“Writing py5 tutorials…” project
“Writing py5 tutorials…” project#
I was kindly supported by the Processing Foundation directly in 2022 as part of their Google Summer of Code program. For this project, the goal was to provide some additional support to the wonderful py5 library, both by writing a series of tutorials to take absolute beginners through a series of tasks, and by actually using it to teach this intro to visual coding.
I was previously tutoring an introductory coding class for one of my mentors, Tristan Bunn, which used Processing with Python. Updating it to the nicely structured py5 just made sense, and in the process I ended up rewriting quite a lot of it (to move sections around, to remove things from the strict context of a university course and sometimes just to add additional fun facts or update old information). It was a lot of fun and sometimes quite a lot of work, too. However, Tristan’s excellent book “Learn Python Visually” was a great help and provided a solid foundation for all this documentation.
DVD Screensaver task, from the “Animaton and Motion” tutorial.
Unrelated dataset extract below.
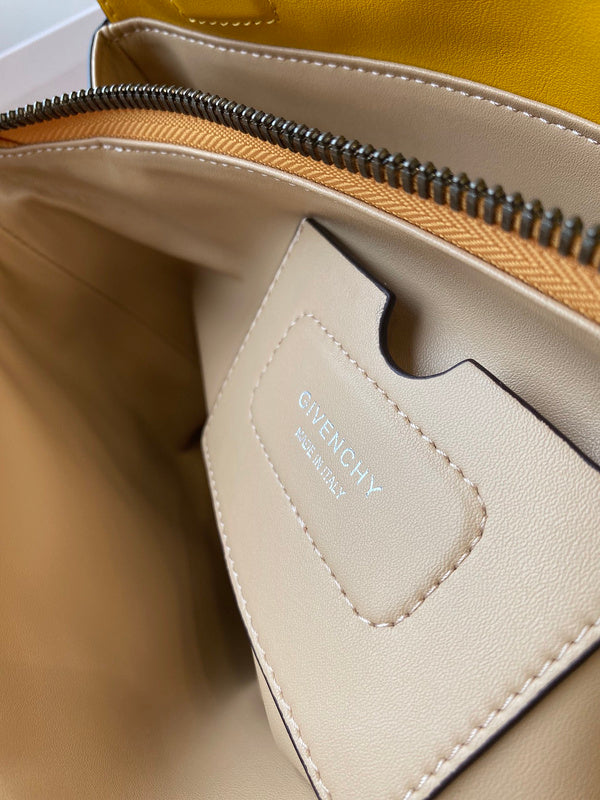 Glamy - GCY Bags - 657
Teaching the class itself was a lot of fun. There were occasional hiccups in upgrading the course material (if something hadn’t yet been integrated into py5 or if the IDE we were using was a bit glitchy, for example) but the students took to the material incredibly well and have so far produced varied and interesting work. Any growing pains were felt only by me… that’s the beauty of a 100 level class (the students have no idea how things should go, only how things are going).
The py5 tutorial for Mouse and Keyboard Interaction walks you through producing a simple drawing app.
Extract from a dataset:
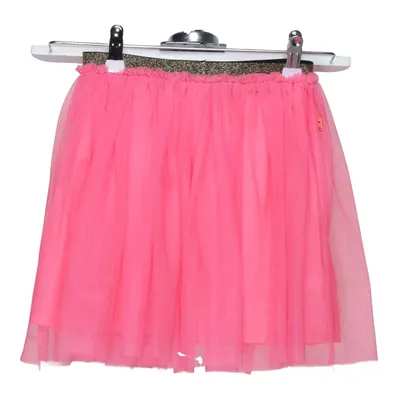 Tyllkjol (Rosa) från Me Too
I’m honestly new to contributing to open source projects, and even to writing documentation. I had some anxiety around whether the work I was producing was up to standard (and the ways in which it deviated – or didn’t deviate enough – from Tristan’s writing), but both Tristan and my other mentor Jim Schmitz (the py5 maintainer) put me at ease with frequent and positive communication.
Being able to teach the material we were producing shortly after writing it was really valuable. It let me make quick changes to things that hadn’t quite worked, to explain things better based on questions asked in class, and of course to put these tutorials to the test by asking for real assignments produced based on that learning. Our first major assignment, for an avatar generator, produced some lovely work.
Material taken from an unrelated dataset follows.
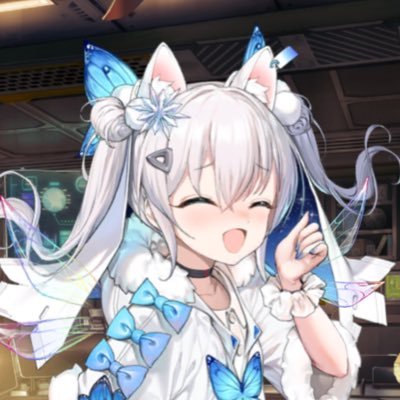 水木うさぎ@Erigua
Abstract avatars from student Toby Penno, shared with permission.
Aside from getting my head around the structure of Jupyter Notebooks, the most challenging part of the project was just time management. I was often (but not always) able to stay a few weeks ahead of the material, but that buffer could be quickly eaten up due to medical emergencies or other academic requirements (as I am both a teacher and student at my university). I was very grateful for frequent, sustained feedback, external time pressure for each tutorial (teaching it in class!) and for the extended timeline granted by the Processing foundation that let me give each tutorial the time it deserves.
Another challenge was bringing in external data like images, fonts or .CSV files in a way that was more-or-less guaranteed to function, whether someone was using the ‘live code’ options or an IDE on their computer. Writing things “environment-agnostic” is pretty important to me but this still presents challenges sometimes, when code in tutorials is relying heavily on outside data and it has to be assumed that this data will continue to be available and that people will be able to download and properly position it.
At the time of writing this “wrap-up” I’m still working… but it’s going well and seeing the pages go “live” is enormously exciting!